All the lines below need to be transcribed exactly. Pictures get left out.

__Dataset section__.
======
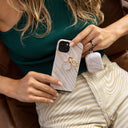 Full Glam - Beige Xiaomi 11T / 11T Pro Case 8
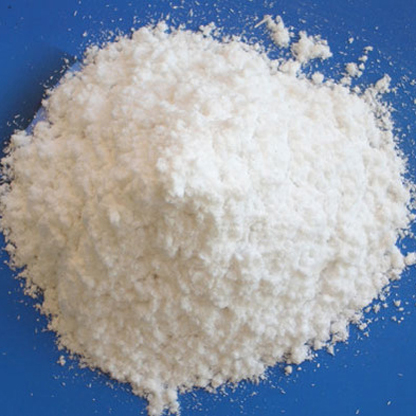 Gypsum Powder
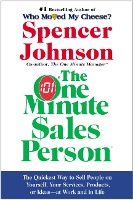 The One Minute Sales Person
======
__Output of the task__.
 Full Glam - Beige Xiaomi 11T / 11T Pro Case 8
 Gypsum Powder
 The One Minute Sales Person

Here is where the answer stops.